Captioned web image data:
- Opening Delimiter -
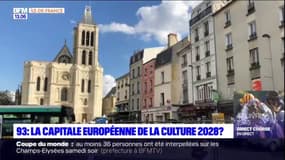 Seine-Saint-Denis: Saint-Denis, capitale européenne de la culture 2028?
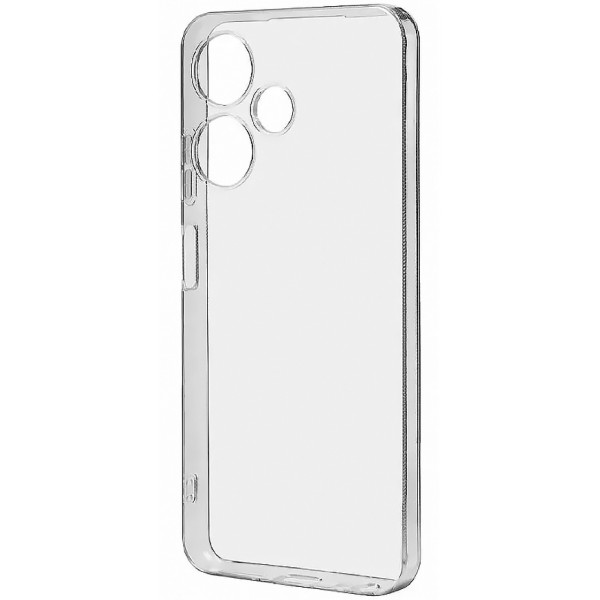 Фото - Чохол для смартфону BeCover for Realme C63 Transparancy (712291)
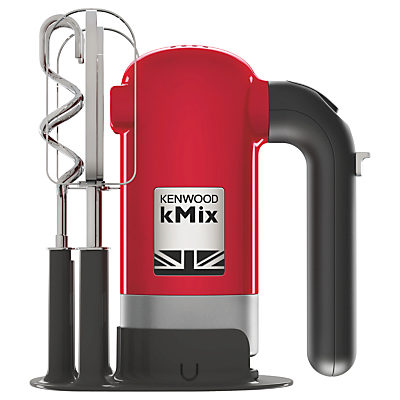 Kenwood kMix HMX750 Hand Mixer Red Kenwood kMix HMX750 Hand Mixer Red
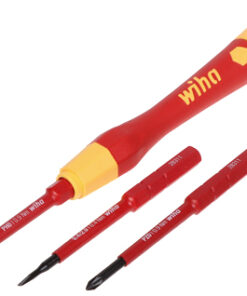 ROČAJ Z ZAMENLJIVIMI NASTAVKI WH-SB/PACK-1/4/SLIMVARIO WIHA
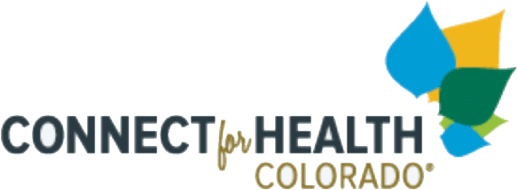 Connect for Health Colorado logo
- Closing Delimiter -
**DIRECTIONS FOR THIS TASK:** The range to print runs from the line with "ROČAJ Z ZAMENLJIVIMI" through the last line of the entries, both included; keep it exact and skip the pictures.

**OUTPUT FOR THIS TASK:**
 ROČAJ Z ZAMENLJIVIMI NASTAVKI WH-SB/PACK-1/4/SLIMVARIO WIHA
 Connect for Health Colorado logo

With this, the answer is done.